At 7:45p.m last night (August 12) I had what can only be described as a moment of ‘CAP epiphany’.

Three-quarters of an hour into the main ‘town hall’ presentation given by Department of Agriculture, Food and the Marine (DAFM) officials on the Common Agricultural Policy (CAP) Strategic Plan, it dawned on me that the entire CAP project moving forward is built around a narrative that fundamentally discriminates against grassland agriculture.

Why else would we now be looking at a scenario which would see a limit placed on the number of suckler cows maintained in Ireland, for environmental reasons?

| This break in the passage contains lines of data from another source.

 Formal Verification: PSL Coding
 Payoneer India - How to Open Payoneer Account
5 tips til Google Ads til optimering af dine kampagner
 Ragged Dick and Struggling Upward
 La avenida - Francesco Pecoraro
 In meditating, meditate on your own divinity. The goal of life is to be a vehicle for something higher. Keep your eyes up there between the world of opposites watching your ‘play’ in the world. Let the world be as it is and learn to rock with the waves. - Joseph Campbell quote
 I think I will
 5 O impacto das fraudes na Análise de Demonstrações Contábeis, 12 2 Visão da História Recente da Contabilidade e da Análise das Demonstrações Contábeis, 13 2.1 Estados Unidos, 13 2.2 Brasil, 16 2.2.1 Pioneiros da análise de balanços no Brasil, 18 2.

I don’t think that Brussels would actively set out to discriminate against Ireland, which leaves me to conclude that they don’t understand the capacity of Irish farmers to efficiently produce beef, milk and lamb from grazed grass.

Ireland’s unique grassland nature

Ireland is truly unique around the world in having this capacity. It is our greatest advantage which, if we are not careful, will be totally neutered on the back of the new CAP regime being implemented in its current form.

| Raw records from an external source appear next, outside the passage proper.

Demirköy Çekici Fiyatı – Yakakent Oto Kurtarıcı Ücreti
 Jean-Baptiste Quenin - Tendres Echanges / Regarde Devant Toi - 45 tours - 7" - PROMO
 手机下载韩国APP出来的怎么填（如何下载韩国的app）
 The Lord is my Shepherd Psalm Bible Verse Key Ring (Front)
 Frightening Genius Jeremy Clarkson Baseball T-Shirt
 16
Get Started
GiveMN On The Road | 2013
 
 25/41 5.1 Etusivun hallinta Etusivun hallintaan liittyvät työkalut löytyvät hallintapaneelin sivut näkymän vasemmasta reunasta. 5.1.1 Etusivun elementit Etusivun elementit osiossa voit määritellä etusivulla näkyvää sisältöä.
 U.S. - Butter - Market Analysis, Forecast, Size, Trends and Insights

I am also forced to conclude that members of ‘Team Ireland’ have dropped the baton big time in not communicating effectively and efficiently, the critically important role that grass plays at the very heart of Irish agriculture.

Three of the nine pillars contained within the new CAP measures overtly refer to the mitigation of climate change pressures, and the need to improve the environmental standards achieved across agriculture as a whole.

I fully support all of these principles. However, given this context, it is a shocking omission on the part of Brussels that little or no formal recognition is given to the fact that grassland farming is already contributing so much to the environment of this country.

CAP and the suckler sector

When I think of suckler beef production today, my mind immediately turns to the fantastic commitment that livestock farmers make to the protection of our rural landscapes – a direct consequence of the grazing practices that have been followed throughout Ireland for generations.

If I had my way, I would be actively supporting Irish suckler farmers, not discriminating against them.

It’s obvious that Brussels buys into the ‘so called’ principle that grassland farming is inherently inefficient.

Again, this reflects so badly on the ambassadors from Ireland who should have been putting the bureaucrats and number crunchers within the European Commission right, in terms of what is actually happening in this country.

Another obvious flaw in the new CAP deal is its lack of ambition in terms of delivering for production agriculture.

Back in the day, Minister Simon Coveney talked about the benefits associated with ‘sustainable intensification’ that could be secured through CAP reform for Ireland’s farming sectors.

I see nothing of this thinking apparent within the latest CAP deal, which begs the question – what is the scope for Ireland to increase the scale of its agricultural output over the next seven years?